● **Directions**
Everything in the data that follows has to be repeated verbatim.

[Start of Attachment]

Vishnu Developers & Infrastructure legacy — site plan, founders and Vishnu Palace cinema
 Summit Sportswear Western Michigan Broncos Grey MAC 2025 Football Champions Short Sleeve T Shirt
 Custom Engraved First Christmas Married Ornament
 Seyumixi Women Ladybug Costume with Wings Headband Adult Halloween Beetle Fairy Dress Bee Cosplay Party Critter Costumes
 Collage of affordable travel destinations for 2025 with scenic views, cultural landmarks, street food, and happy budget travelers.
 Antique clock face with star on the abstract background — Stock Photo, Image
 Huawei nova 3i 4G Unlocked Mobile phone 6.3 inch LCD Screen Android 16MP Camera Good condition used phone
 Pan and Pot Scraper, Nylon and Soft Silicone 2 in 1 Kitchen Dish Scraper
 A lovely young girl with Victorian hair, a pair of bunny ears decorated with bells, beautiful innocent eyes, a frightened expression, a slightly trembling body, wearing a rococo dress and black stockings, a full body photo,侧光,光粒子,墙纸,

[End of Attachment]

● **Reply to the exercise**
Vishnu Developers & Infrastructure legacy — site plan, founders and Vishnu Palace cinema
 Summit Sportswear Western Michigan Broncos Grey MAC 2025 Football Champions Short Sleeve T Shirt
 Custom Engraved First Christmas Married Ornament
 Seyumixi Women Ladybug Costume with Wings Headband Adult Halloween Beetle Fairy Dress Bee Cosplay Party Critter Costumes
 Collage of affordable travel destinations for 2025 with scenic views, cultural landmarks, street food, and happy budget travelers.
 Antique clock face with star on the abstract background — Stock Photo, Image
 Huawei nova 3i 4G Unlocked Mobile phone 6.3 inch LCD Screen Android 16MP Camera Good condition used phone
 Pan and Pot Scraper, Nylon and Soft Silicone 2 in 1 Kitchen Dish Scraper
 A lovely young girl with Victorian hair, a pair of bunny ears decorated with bells, beautiful innocent eyes, a frightened expression, a slightly trembling body, wearing a rococo dress and black stockings, a full body photo,侧光,光粒子,墙纸,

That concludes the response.